Cassandra shared her powerful story of survival and healing at the Sip & Support fundraiser for Aurora House in August 2025.
My name is Cassandra. I am a mom, a student, and a community advocate. I have experienced trauma and healing. My story is sad, but sometimes I share it with laughter because humour helped me survive and heal.
I was raised in an unstable community where the system – schools, child welfare, policing – failed children like me. By my teens, I had fallen through the widened cracks and was manipulated and trafficked before I even knew what trafficking was.
From a tender age, I took care of my mom who struggled with addiction, learning to hold everything together, except myself. I bounced through foster homes, often afraid of what I would find at the end of each school day. Survival became my only focus. At 16, I became a mom, dropped out of school, and accepted survival as my fate, until I decided I wanted better for my kids. I returned to high school, graduating with my eldest on my hip, while pregnant with my youngest.
In the thick of it, I lost my mom to a drug overdose. Broken and grieving, I ended up being trafficked by three different people, two of whom I knew and trusted. That’s the reality of trafficking; it often comes from close people you think you can trust. It rarely looks like in the movies – not strangers in white vans or people chained in basements. Often, it’s someone you trust and love, someone who knows and manipulates your weaknesses.
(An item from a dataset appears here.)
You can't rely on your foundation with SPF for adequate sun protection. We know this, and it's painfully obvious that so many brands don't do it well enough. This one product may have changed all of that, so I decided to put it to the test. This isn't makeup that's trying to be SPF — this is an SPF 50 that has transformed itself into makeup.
Through it all, I had to survive and ensure safety for my dependents, but my dreams felt impossible.
Aurora House
On several nights I had to choose between enduring abuse or risk sleeping on the streets. In the pandemic, I eventually fled my trafficker in Ottawa, arriving in Toronto with my toddlers and just $40. We cycled through shelters before securing community housing. While the shelters offered temporary relief, we could not breathe, relax, or heal.
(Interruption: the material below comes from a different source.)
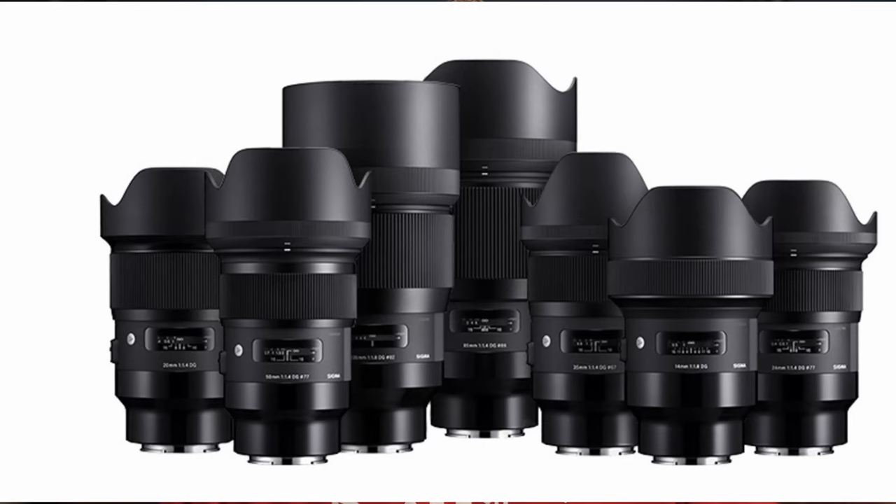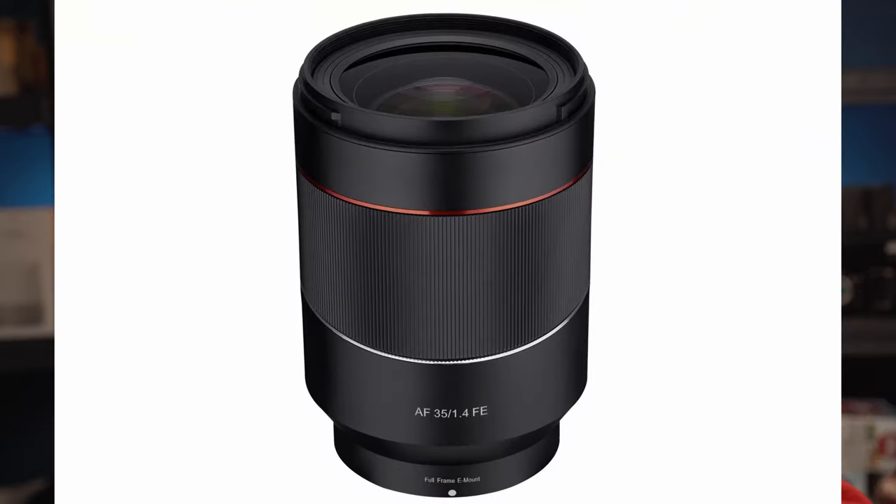Also, Sigma has made their signature Art series lenses for the E-mount, and Rokinon has come in with three signature primes at f/1.4 — a 35, a 50, and an 85 at 1.4 — and all of those lenses are $650 and cheaper. When you factor in those great prices for those lenses, you're looking at a fraction of the price, and paired with the price of a used a7II, you save a ton of money entering with this camera.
I still didn’t even know I had been trafficked until I met amazing people Kelly Beale and Cassandra Diamond through Bridge North program later spoke to detectives that I finally understood what I had been through. Understanding what I had endured was painful but unexplainably freeing. Through them, I found Aurora House.
Aurora House didn’t just help me; it helped my daughters too. As a mom, that meant everything. Today, we live in a bigger home, I’m working as a legal assistant while studying law, and I have become a proud community advocate. I’m proof that healing is possible when the right supports are in place.
I arrived in February 2021 expecting just another shelter, but it was so much more. I could breathe, relax and let my guard down. For the first time, I envisioned progress rather than mere survival. Aurora House gave me safety and stability. It isn’t just a temporary bed; it gives women time and space to rebuild. When you’ve been through trauma, healing doesn’t happen overnight, it takes time–and they understand that.
I stayed for five months until I found an apartment. During this time, I started therapy and slowly began my healing journey. There, I secured a strong support system. Without Aurora House, I probably would have ended up back in the community that broke me – the last place I wanted to raise my daughters.
Aurora House understood that healing doesn’t just mean helping survivors, it also means supporting their families, and as a mom, that meant the world to me. We recently moved into a bigger place after four years. Aurora House wasn’t the end of my story; it was a foundation for our future.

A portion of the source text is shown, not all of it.